Apache Tomcat (at least before Tomcat 6 see footnote) treats a percent-encoded slash (%2F) in a URI path just like a regular slash (i.e. as a path delimiter).
So e.g. the servlets example page of Tomcat can be accessed at
http://localhost:8080/examples/servlets/
and athttp://localhost:8080/examples%2Fservlets/
This does not make sense to me. The whole point of percent-encoding a reserved character like "/" is to avoid it being treated as a reserved character (in this case a path delimiter). In addition to this, this behaviour is (one) cause of the vulnerability CVE-2007-0450. However, I assume there must have been a reason for this.
Is there any technical reason why Tomcat treats (ok, used to treat) %2F as a path delimiter?
Is there some situation where this behaviour is helpful?
Footnote: I realize that due to CVE-2007-0450 Tomcat's default behaviour was changed to reject percent-encoded slashes in the path. However, if this check is disabled (ALLOW_ENCODED_SLASH), the old behavior remains.
It was related to when Tomcat was behind an httpd reverse proxy. In some circumstances the URI was partially encoded so the %2F handling was necessary to undo that encoding.
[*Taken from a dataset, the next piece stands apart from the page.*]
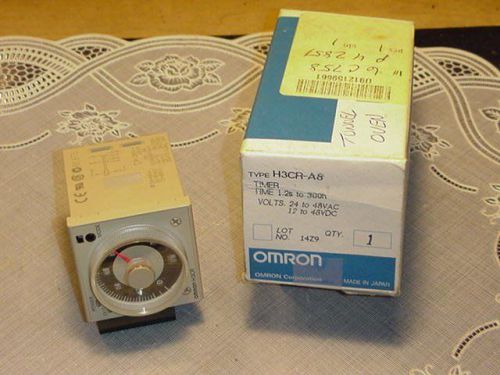 Omron H3CR-A8 Timer 1.2 Seconds to 300 Hours 24 to 48 VAC / 12 to 48Vac NEW!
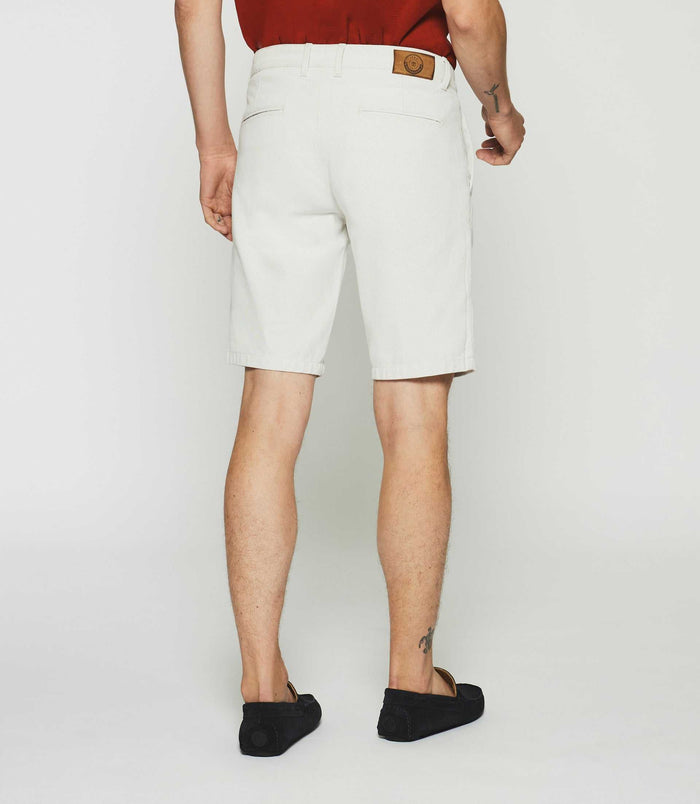 Izac Bermuda En Coton Beige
It create a number of security issues which were fixed around the same time CVE-2007-0450 was fixed. For background, look at the ForwardURIxxx options in the mod_jk docs: http://tomcat.apache.org/connectors-doc/reference/apache.html That covers a few cases where you still might want this feature (but because of the possible security issues I'd avoid it if at all possible).
The default behaviour is now httpd to pass the URI to Tomcat unchanged and for Tomcat to treated encoded characters as exactly that.